(WHAT YOU HAVE TO DO)
All the lines below should be set down exactly, with no picture carried into the copy.
** Opening DATA block **
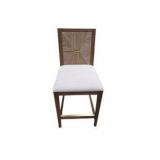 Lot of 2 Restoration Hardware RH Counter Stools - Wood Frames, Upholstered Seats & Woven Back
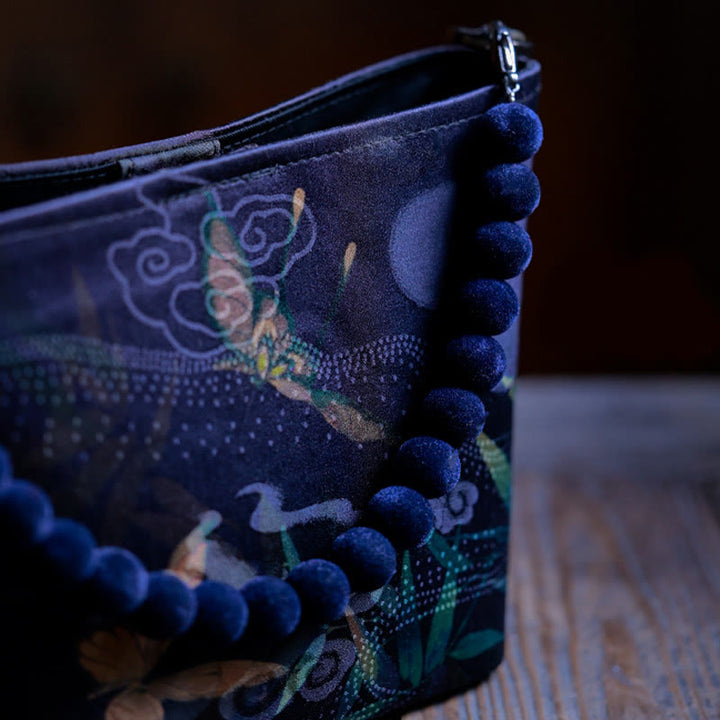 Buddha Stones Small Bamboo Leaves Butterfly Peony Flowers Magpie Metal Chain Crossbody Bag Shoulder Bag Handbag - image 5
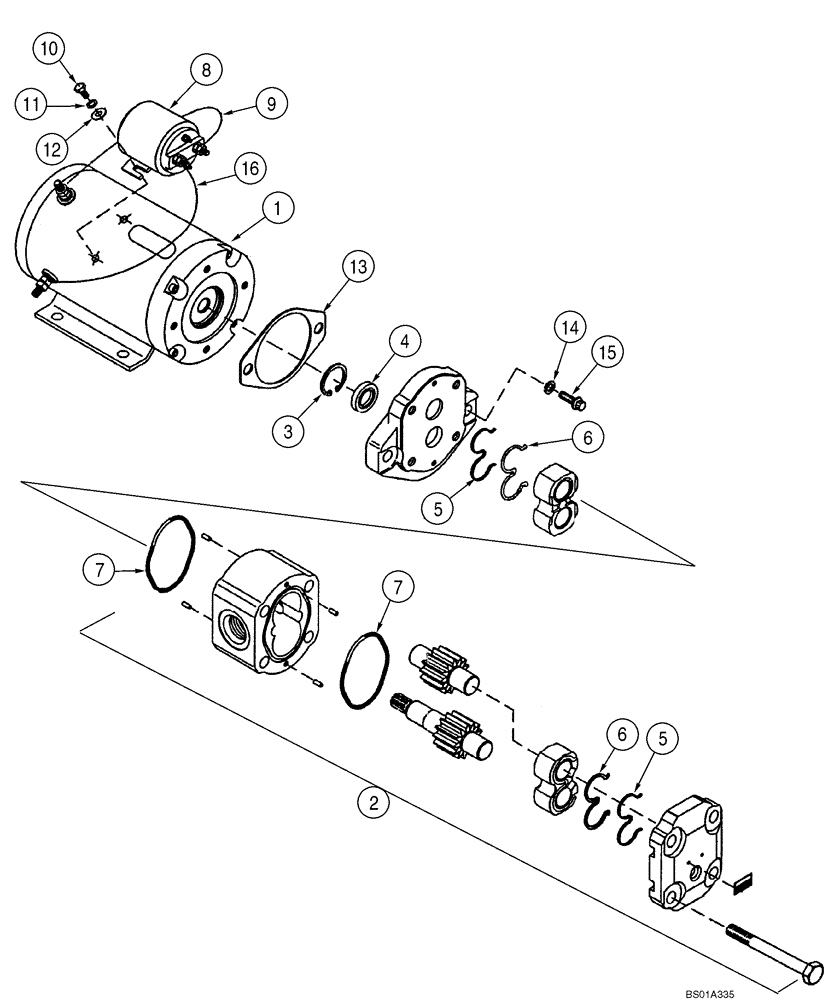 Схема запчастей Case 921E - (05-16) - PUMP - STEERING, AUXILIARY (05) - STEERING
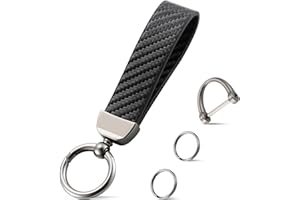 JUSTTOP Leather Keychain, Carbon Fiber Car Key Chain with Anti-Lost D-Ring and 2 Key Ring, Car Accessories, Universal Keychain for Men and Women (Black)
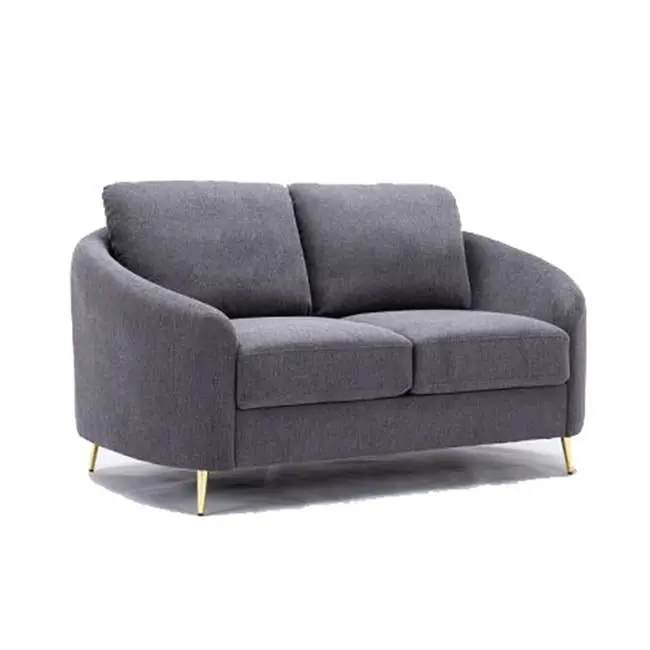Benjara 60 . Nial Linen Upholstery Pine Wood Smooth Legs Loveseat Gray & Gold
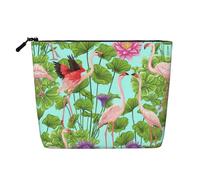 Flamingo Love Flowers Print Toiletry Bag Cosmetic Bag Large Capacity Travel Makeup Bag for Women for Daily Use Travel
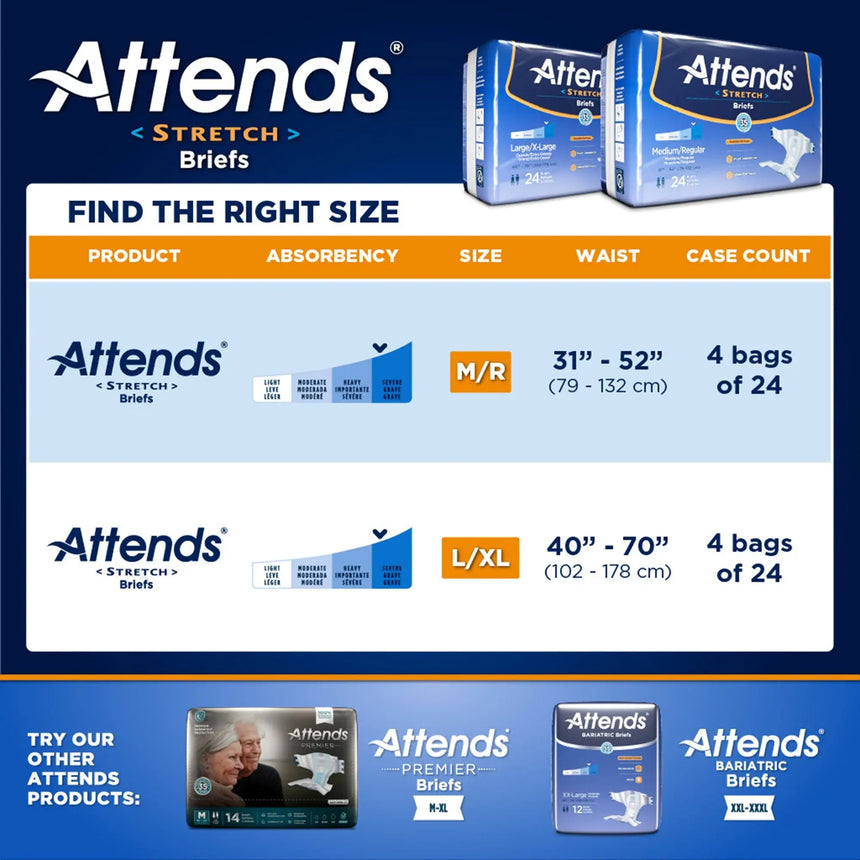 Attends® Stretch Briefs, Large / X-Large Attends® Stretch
** Closing DATA block **
(COMPLETED EXERCISE)
 Lot of 2 Restoration Hardware RH Counter Stools - Wood Frames, Upholstered Seats & Woven Back
 Buddha Stones Small Bamboo Leaves Butterfly Peony Flowers Magpie Metal Chain Crossbody Bag Shoulder Bag Handbag - image 5
 Схема запчастей Case 921E - (05-16) - PUMP - STEERING, AUXILIARY (05) - STEERING
 JUSTTOP Leather Keychain, Carbon Fiber Car Key Chain with Anti-Lost D-Ring and 2 Key Ring, Car Accessories, Universal Keychain for Men and Women (Black)
Benjara 60 . Nial Linen Upholstery Pine Wood Smooth Legs Loveseat Gray & Gold
 Flamingo Love Flowers Print Toiletry Bag Cosmetic Bag Large Capacity Travel Makeup Bag for Women for Daily Use Travel
 Attends® Stretch Briefs, Large / X-Large Attends® Stretch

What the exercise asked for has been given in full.